In diesem Jahre wurden die Fördertürme auf Carolus Magnus errichtet. Ebenso wurde eine Kokerei mit 100 Koksöfen zur Verarbeitung der geförderten Fettkohle in Betrieb genommen. Zusätzlich wird eine Kohlenwäsche und eine Benzolanlage installiert.

In Jahr 1928 entsteht das heute noch vorhandene Verwaltungsgebäude.

In dieser Zeit wurde die bisherige Dampffördermaschine durch eine elektrische Maschine ersetzt.

Im Jahr 1930 haben die Schächte ihre endgültige Teufe von 700 m erreicht.

Nach den Jahren des Auf- und Ausbaus trifft der Ausbruch des zweiten Weltkrieges die Grube wie ein Schlag ins Gesicht. Sie wird unter deutsche Zwangsverwaltung gestellt. Überflüssig zu erwähnen, daß die geförderte Kohle zu dieser Zeit nicht mehr in die französische Stahlindustrie, sondern in die deutsche Rüstungsindustrie geliefert wird.

Wie bereits im ersten Weltkrieg hat Carolus Magnus auch im zweiten Weltkrieg wieder mit dem Mangel an Arbeitskräften zu kämpfen, die wieder in den Krieg ziehen mussten. Aufgefangen werden sollte der Mangel an Arbeitskräften durch Zwangsarbeiter, für die eigens ein Lager auf dem Zechengelände eingerichtet wurde.
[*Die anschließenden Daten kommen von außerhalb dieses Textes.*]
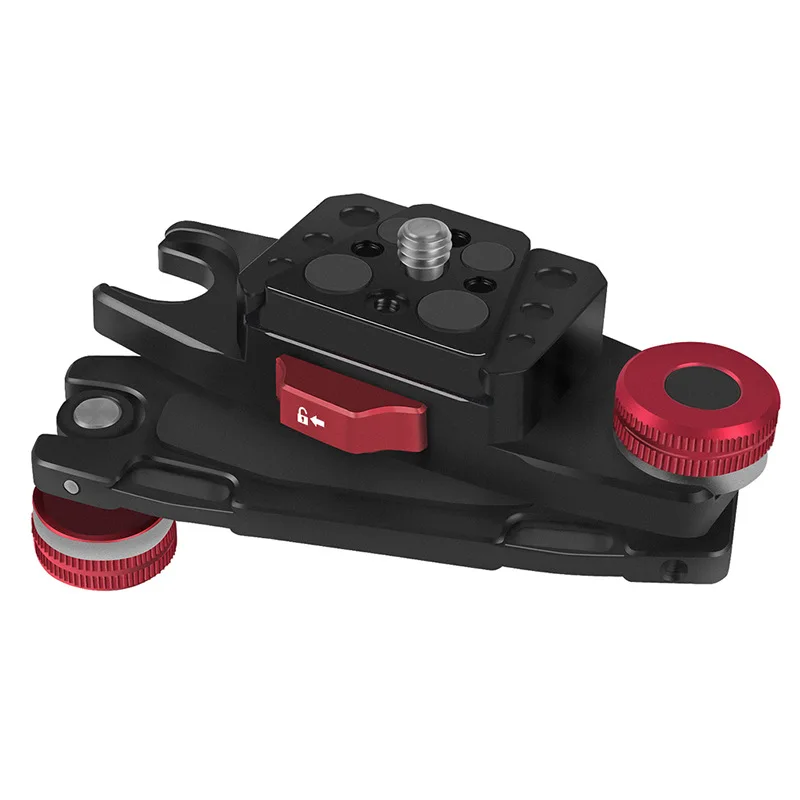 Kamera Hüftgurt Clip Schnell verschluss V Platten halterung Anti-Shake-Schnell schalter Werkzeug für SLR Gimbal Schulter gurt Stativ Klemm halter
Zudem war die Infrastruktur zu Kriegszeiten denkbar ungünstig für den Abtransport der geförderten Kohle.

Aufgrund der Kriegshandlungen muss die Grube im Jahre 1944 geschlossen werden. Die Instandhaltungsarbeiten können durch die Begleitumstände für einige Wochen nicht weitergeführt werden. Neben den dadurch entstandenen Beschädigungen unter Tage wurde knapp die Hälfte der Übertageeinrichtungen durch Bombenangriffe zerstört.

Bereits früh kann sich Carolus Magnus an den Wiederaufbau der Anlagen geben und die nun dringend benötigte Kohle fördern. Es kommt nach dem Ende des Krieges und der Währungsreform noch eine kurze Zeit des normalen Arbeit, bevor die Zukunft für die Grube düster aussieht.

Mit dem zunehmenden Abbau der Kohlefelder wird die geologische Situation für den Abbau der noch vorhandenen Felder immer Komplizierter. So nahm die Pro-Kopf-Förderung durch diese Umstände immer weiter ab, was zur Verteuerung der Kohle sorgte.

Im Jahr 1960 gab es bereits erste Gerüchte über die Schließung der Grube. Endgültig geschlossen wurde die Grube zum 30.09.1962 nachdem die Gewerkschaft Carolus Magnus kurz vor dem Konkurs stand. Ein großer Teil der Bergleute wechselte in die Zechen des Eschweiler-Bergwerks-Vereins, die zu dieser Zeit noch in voller Förderung standen.

Nach der Schließung der Grube wurden fast alle Übertageeinrichtungen der Grube abgerissen. Erhalten ist heute noch das Verwaltungsgebäude der Grube und der Wasserturm.